Claro que, viendo efectivamente la actitud de ciertas fuerzas políticas o de ciertos medios de comunicación, llega un punto en que talmente parece que el responsable de esta guerra sea Israel y no Hamás. Una cosa es que la propaganda palestina haga hueco y otra que todo el mundo se lo trague sin cuestionar nada. Especialmente lamentable es la posición de la Unión Europea (UE), que, para variar, hace el papel de la triste figura, actuando, como siempre, tarde y mal y con contradicciones una tras otra. ¿Qué quiere decir que triplicará la ayuda a la Franja de Gaza con más de 75 millones de euros? ¿Para qué los administre quién? ¿Hamás, que es quien gobierna y quien hace años que desvía fondos que son para la población hacia su causa terrorista, para que los siga usando para armarse aún más? ¿Y no tiene nada que decir de la sospecha de que armas entregadas por la UE a Ucrania hayan acabado en manos de la organización terrorista palestina, entre ellas algunas procedentes de España?

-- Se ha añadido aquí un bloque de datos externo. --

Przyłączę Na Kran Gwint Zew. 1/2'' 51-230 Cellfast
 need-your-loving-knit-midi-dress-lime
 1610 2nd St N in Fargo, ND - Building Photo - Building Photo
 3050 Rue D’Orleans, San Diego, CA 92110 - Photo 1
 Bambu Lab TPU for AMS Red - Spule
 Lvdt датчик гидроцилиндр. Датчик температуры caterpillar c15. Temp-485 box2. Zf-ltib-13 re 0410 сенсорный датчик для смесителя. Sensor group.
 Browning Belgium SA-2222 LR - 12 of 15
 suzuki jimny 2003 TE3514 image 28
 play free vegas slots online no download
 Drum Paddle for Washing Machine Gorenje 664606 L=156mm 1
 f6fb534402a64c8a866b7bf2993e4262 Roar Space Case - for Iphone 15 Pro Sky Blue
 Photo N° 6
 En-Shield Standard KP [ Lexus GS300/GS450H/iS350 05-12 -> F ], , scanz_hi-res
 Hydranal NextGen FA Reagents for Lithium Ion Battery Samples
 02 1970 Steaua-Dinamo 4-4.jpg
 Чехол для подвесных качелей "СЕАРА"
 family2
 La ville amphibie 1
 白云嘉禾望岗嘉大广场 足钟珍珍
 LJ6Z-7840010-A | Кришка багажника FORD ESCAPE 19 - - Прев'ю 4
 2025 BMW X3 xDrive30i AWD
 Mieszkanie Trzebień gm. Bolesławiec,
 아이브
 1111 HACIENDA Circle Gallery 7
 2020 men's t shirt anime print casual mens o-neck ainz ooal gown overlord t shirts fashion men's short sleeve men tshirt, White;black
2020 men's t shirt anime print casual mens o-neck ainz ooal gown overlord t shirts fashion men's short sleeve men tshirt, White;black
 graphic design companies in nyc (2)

Todo ello con dinero de los bolsillos de los contribuyentes europeos, que debería verse si están muy de acuerdo con el destino que se les está dando. Una UE que no tiene ningún peso real en la zona de Oriente Próximo afectada por el conflicto bélico y que, siempre a remolque de Estados Unidos, difícilmente puede dar lecciones de nada dado el complicado panorama interno que tiene con una inmigración musulmana masiva y fuera de control que se está convirtiendo en una bomba de relojería que puede estallar en cualquier momento.

¿Y qué pasará con el pueblo palestino? Esta es una pregunta que a menudo Occidente, por su mala conciencia de años de explotación del tercer mundo, se plantea. Los palestinos —las otras grandes víctimas de la confrontación armada— son árabes, y por tanto quien debería responderla son el resto de países árabes. Lo que ocurre es que ninguno de estos países árabes quiere saber nada de los palestinos. Les van bien para usarlos de excusa en sus trifulcas con Israel, pero nada más, ninguno piensa acogerlos. Los palestinos están, pues, abocados a su suerte, pero no sólo por la presión de Israel, también por la indiferencia de sus teóricos hermanos árabes, para quienes a la hora de la verdad son siempre un estorbo. El ejemplo de Egipto negándose a abrir el paso fronterizo de Rafah para permitir la entrada de refugiados desde Gaza es especialmente aleccionador de lo que realmente les está sucediendo a los palestinos. 

Es momento de cruzar los dedos, apretar fuerte los dientes, cerrar los ojos y esperar que lo peor no llegue nunca.